I can claim, without hesitation, that neither the Tuymans nor Bell's performance would go unnoticed by my exhausting self. That being said, i anguish at the thought of people missing out on the spectacular city in which I live. The street art of Los Angeles challenges even the finest traditions of civic art in Europe. From the Watts Towers, to the Banksy lined streets of Hollywood, we have an unappreciated wealth of world class art living in this city.

Takashi Murakami was so taken aback by the graffiti art that had been added to one of the Billboards tagged by local legends AUGER/REVOK, (Below) that he flew it back to Japan for his private collection.
2008-murakami
The fact is that California in general and Los Angeles in particular was built with the swift export of ideas and communication in mind.

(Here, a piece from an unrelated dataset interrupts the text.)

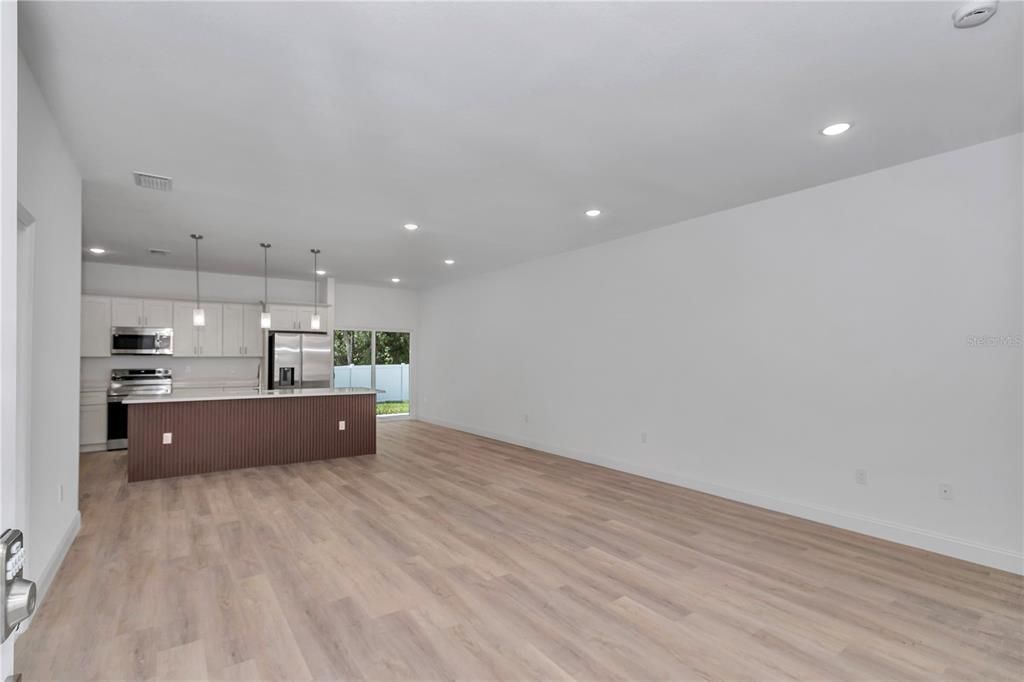 На продажу: $308,999 (4 спален, 2 ванн, 1816 Квадратных фут)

From the missions that line our coast to the freeways, it is no coincidence that the world's entertainment flows from here. It would be a shame that blinded by our own snobbish pretense and dismay at SOME of the more pedestrian Angeleno exports, we missed the beauty this town offers. I urge you to take a moment and watch the film below. It is by Prof. Reyner Benham, who is/was a professor of Architecture at King's College in London. You'll find a new appreciation of this town, which is truly a monument of humanity. A city that runs on the ideas and dreams of poets, warriors and thieves, and those ideas can be exported at the speed of light, is something amazing. You can avoid feeling like the people of DC and Antwerp who don't know beauty when its right in front of them, simply by looking up. Don't miss it.

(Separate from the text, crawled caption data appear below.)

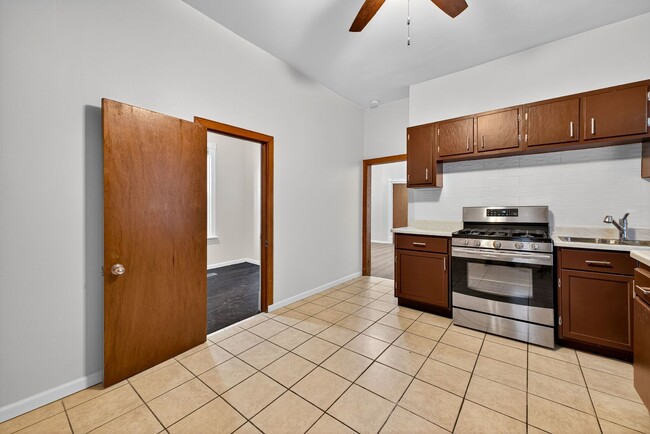 Building Photo - 1922 N Whipple St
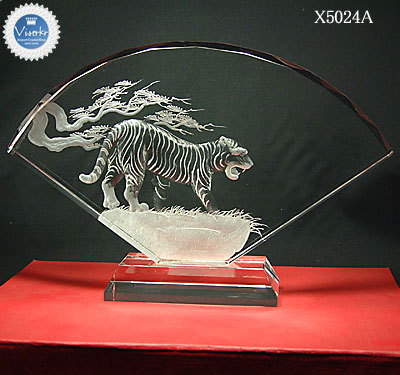 �N���X�^���� ��^ �g���[����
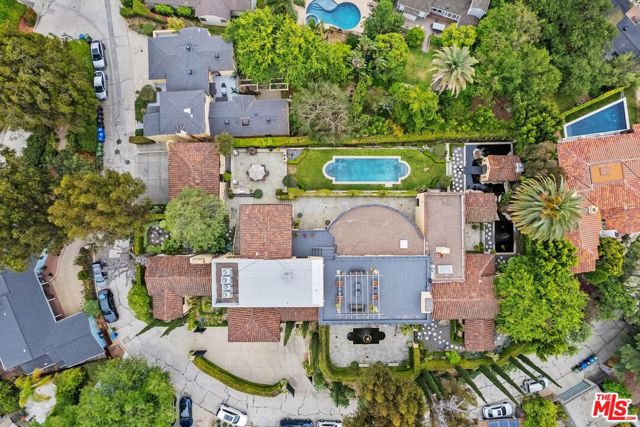 4320 Cedarhurst Circle, Los Angeles CA: https://media.crmls.org/mediaz/8e698f95-385d-4200-aaff-b322737a69fc.jpg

***Reyner Banham (1922-1988) was a prolific architectural critic and writer best known for his 1960 theoretical treatise "Theory and Design in the First Machine Age", and his 1971 book "Los Angeles: The Architecture of Four Ecologies" in which he categorized the Angelean experience into four ecological models (Surfurbia, Foothills, The Plains of Id, and Autopia) and explored the distinct architectural cultures of each ecology.